東海・中部地区で落語公演を開催しているオフィスのブログ

【若者噺の9人】~歴史を刻んだ5日間~

「何をとちくるったのか」
「物好きにもほどがある」
「きっとどこかから金を引っ張ってきてるんだよ」

この企画を発表した時、耳にした言葉です。
確かにハードなGW、疲労困憊の昨日今日です。
名古屋市那古野・円頓寺レピリエを5日間借り切って9人の若手落語家の独演会だけやってもらう。
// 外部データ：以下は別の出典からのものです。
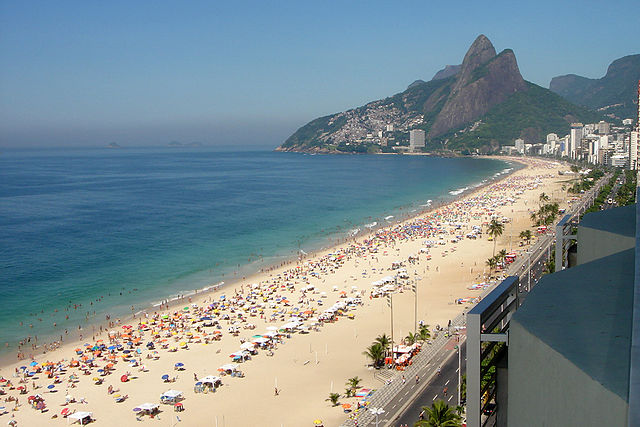 destinations de vacances balnéaires au Brésil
確かにそんな企画を立てること自体、無謀な事だったのかもしれません。
でも、東海地区で落語の仕事についてずっと思っていたことを実行する機会があればと、3年ほど前からタイミングを見計らっていました。

次代を担う若者を支援しよう?
いえ、そんなたいそうなものじゃありません。

落語界の将来のために、赤字覚悟で育成したかった?
いえ、そんな偉そうなものでもありません。

私が気になって、聴いてみたいと思う若手に集まってもらって場を提供した、
ただそれだけ。

人気の師匠のお供でやってきて、前座で一席やって帰っていった。
何人かの若手を集めた会で一番存在感があった。
学生時代から、その発想力に着目していた。

そんな9人に目一杯の時間を与えて、思う存分やっていただくって、
楽しいじゃないですか?

そして9人とも、攻め入ってきた尾張の地に、確かに爪痕を残して行った。

昇輔くんの、きめ細かな所作つきの「のぶこよしえ」。
音助さんの、ひとつひとつの間を大事にする「ねずみ」。
小文吾くんの、粗削りだけれどパワフルな「タイムスリップ」。
雛菊さんの、亀ちゃんを叱るおっかさんに胸が詰まった「子は鎹」。
菊正くんの、この先の進化が楽しみな「初天神」。
かけ橋さんの、積み重ねた努力が花開く「不動坊」。
市好さんの、実直な性格がそのまま久蔵に乗り移った「紺屋高尾」。
きよ彦さんの、中身を予想させずに興味を持たせる「いい感じの小料理屋」。
談洲さんの、師匠譲りの構成力が際立つ「火事息子」。

9人は確かに、尾張の地を征服したと思います。
ありがとう。

それぞれの物語の続き、また見せて下さいね。